“Definitivamente, é preciso repensar o tema do rácio de pessoas em lojas neste momento de saúde pública que estamos a viver. Nós temos em Portugal o índice mais baixo da Europa – cinco pessoas por 100 metros quadrados – sem paralelo com mais nenhum outro Estado membro neste momento. Mesmo países que estão com outro tipo de incidência da pandemia têm um rácio superior, normalmente no mínimo o dobro do que existe em Portugal”, afirmou o diretor-geral da AED durante a apresentação do barómetro anual da associação.

Para Gonçalo Lobo Xavier, esta situação não tem “razão absolutamente nenhuma” para continuar, já que, “por um lado, põe em causa a sustentabilidade dos negócios, sobretudo do retalho especializado, e, por outro, não tem adesão com a realidade e com as necessidades de cumprimento de legislação e de saúde pública”.

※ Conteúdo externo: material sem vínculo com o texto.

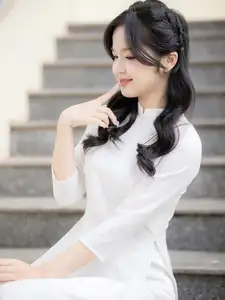 Discover the Timeless Charm of a Vietnamese Girl in Elegant White Ao Dai - image 1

“Não é nos espaços comerciais que há transmissão de vírus. Pode haver transmissão de vírus é se insistirmos nesta teimosia de não olharmos para o facto de as lojas terem feito investimentos – avaliados em 2% a 3% do orçamento anual previsto para 2020, segundo a APED - e estarem estruturalmente preparadas para receber mais clientes, mas estarem quase vazias ou com um tráfego muito reduzido”, sustentou.

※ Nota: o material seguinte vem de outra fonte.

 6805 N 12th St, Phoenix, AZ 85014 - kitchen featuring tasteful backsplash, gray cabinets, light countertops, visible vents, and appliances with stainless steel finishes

Segundo o dirigente associativo, o perigo pode sim estar, “em dias de muita afluência, em ter clientes à porta a fazer fila”, formando aglomerados de pessoas que os lojistas “não podem controlar”.

“Isto resolvia-se aumentando o rácio de consumidores em loja, mantendo nós a eficácia de proteção dos consumidores e dos nossos colaboradores”, defende Gonçalo Lobo Xavier, afirmando que a associação ficaria “muito contente” se o rácio duplicasse (para 10 pessoas por 100 metros quadrados), mas que “tudo o que fosse acima de sete [clientes por m2] já dava sinal muito interessante para o mercado”.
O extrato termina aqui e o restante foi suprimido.